Se davvero vogliamo salvaguardare il creato ci dobbiamo porre con maggior rigore il tema dell’”impronta ecologica”, ovvero misurare il consumo da parte degli esseri umani delle risorse naturali che produce la terra. Nello specifico, l’impronta ecologica misura in ettari le aree biologiche produttive del pianeta Terra, compresi i mari, necessarie per rigenerare le risorse consumate dall’uomo. In poche parole, l’“impronta ecologica” ci dice di quanti “pianeta Terra” abbiamo bisogno per conservare l’attuale livello di consumo di risorse naturali. Si parla di tecnologie verdi ed è un bene, ma occorre anche discutere di come eliminare lo sfruttamento del lavoro minorile e del lavoro forzato usati, in alcuni casi, per le nuove tecnologie verdi. I bimbi piccoli che scavano cobalto in Congo, le crescenti disuguaglianze che alimentano il sovraconsumo. Che dire della quantità dei nostri consumi rispetto ai consumi delle popolazioni povere?

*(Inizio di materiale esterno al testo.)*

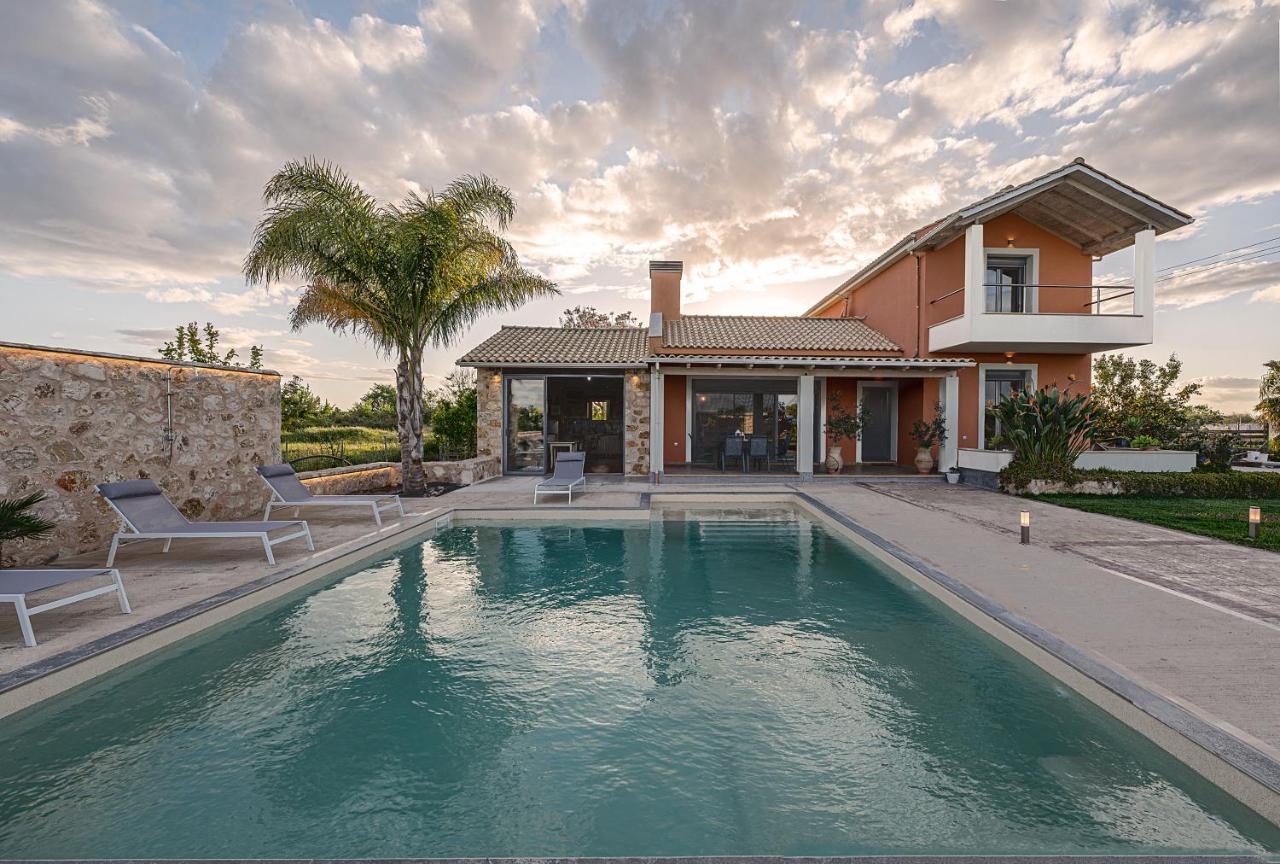 Villa Manolia Preveza Eksteriør bilde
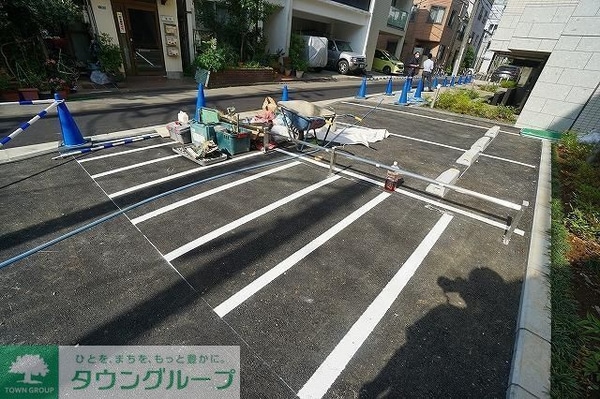 駐車場(バイク)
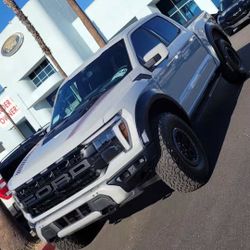 OEM 2024-2026 Ford F150 Raptor Front Bumper & Skid Plate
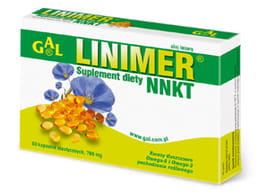 GAL Linimer NNKT 60 kapsułek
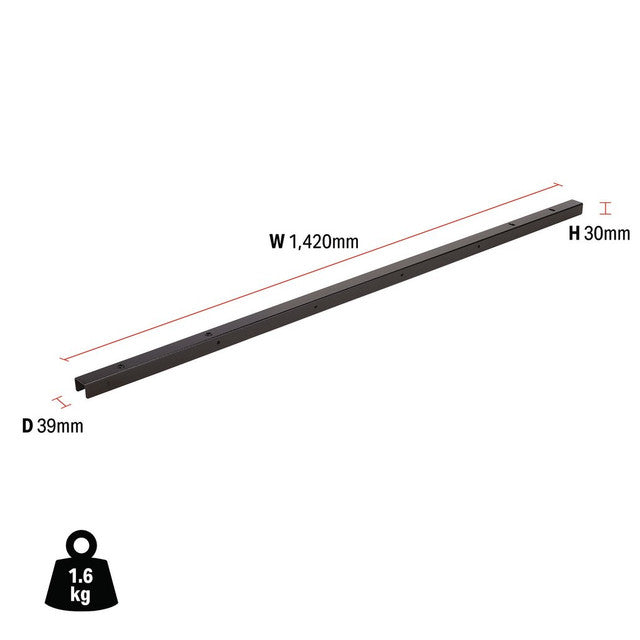 Draper Tools Bunker Modular Single Wall Bracket Premium Steel 10-Year Warranty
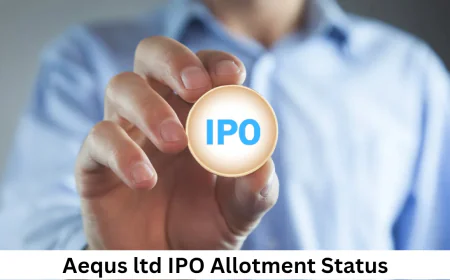 Aequs Ltd IPO अलॉटमेंट स्टेटस करें घर बैठे चेक जानें पूरा प्रोसेस डिटेल्स में
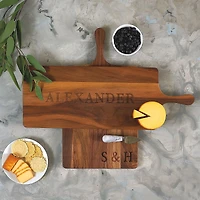 Walnut Charcuterie Wide Board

Abbiamo bisogno di nuove narrazioni antropologiche.  Soprattutto oggi che la nozione di uomo è sottoposta a riformulazioni (trans-umanesimo e post-umanesimo) da parte dell’economico e delle nuove tecnologie e anche perché siamo socialmente collocati in una situazione di post-crescita. Tutte le volte che si parla di sostenibilità scattano meccanismi ideologici, mentre invece dovremmo utilizzare le conoscenze specifiche della scienza economica per un approccio costruttivo alla sostenibilità e alla realtà post-crescita. Il percorso post-crescita non deve apparire come una minaccia ma essere progettato positivamente con strumenti e misure adeguate, in pratica bisogna passare dalla crescita allo sviluppo integrale di cui parlava già Paolo VI nella Populorum Progressio.

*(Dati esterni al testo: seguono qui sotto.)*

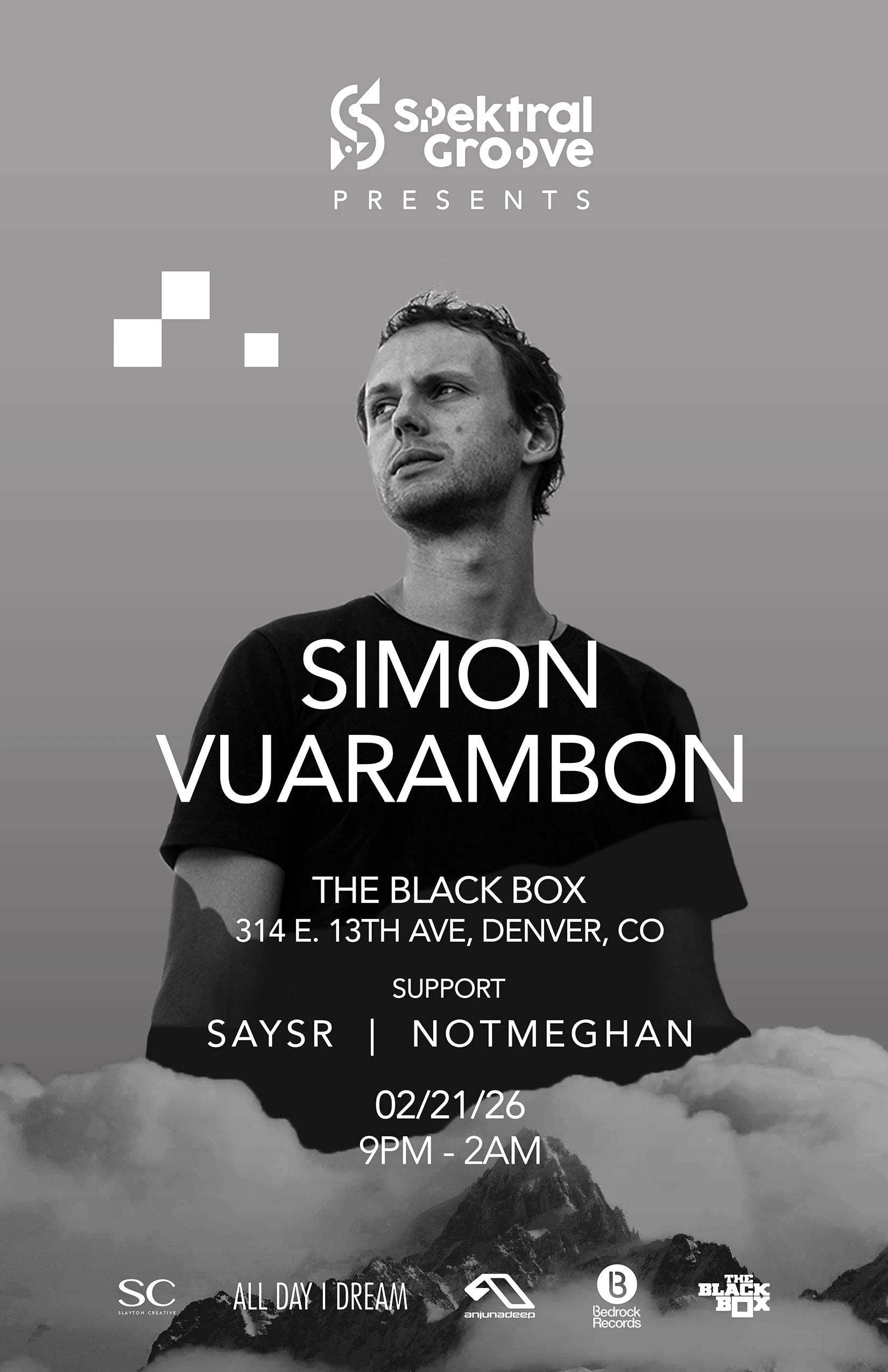 Spektral Groove Presents: Simon Vuarambon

Mi sono convinto che la sostenibilità passa attraverso l’autolimitazione umana e che questa sia oggi una risposta ragionevole alla violazione dei confini planetari, e questo è un compito per la politica e per le forze sociali. Non basta fare battaglie contro l’uso degli idrocarburi, procedere sul terreno della decarbonizzazione, limitare l’inquinamento e non pensare a una modifica delle logiche del consumo. Produrre più carme si dice che sia uno dei massimi fattori di inquinamento e pertanto bisognerebbe autolimitare il consumo di carne. Ma chi di noi si è avventurato su questa pista?

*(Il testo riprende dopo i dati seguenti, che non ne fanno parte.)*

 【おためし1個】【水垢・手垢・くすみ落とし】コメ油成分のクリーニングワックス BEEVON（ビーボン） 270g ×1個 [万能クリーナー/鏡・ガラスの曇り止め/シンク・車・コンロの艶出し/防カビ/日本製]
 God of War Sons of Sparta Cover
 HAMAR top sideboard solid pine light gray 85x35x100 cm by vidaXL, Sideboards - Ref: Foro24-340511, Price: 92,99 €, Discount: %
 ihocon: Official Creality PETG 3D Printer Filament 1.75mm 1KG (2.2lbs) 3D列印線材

Ma credo che questo diventi possibile se in modo laico e senza richiami ascetici, si collega il tema della sostenibilità alla dimensione spirituale dell’essere umano. Il materialismo economicista di stampo neoliberale e marxista, negando la dimensione trascendente dell’uomo ha portato a un immanentismo consumista che consuma l’umanità e il pianeta. Anche una idea disincarnata della spiritualità e la sua separazione dalla carnalità, ha generato spazi vuoti che sono stati riempiti dalla dimensione pervasiva del consumo.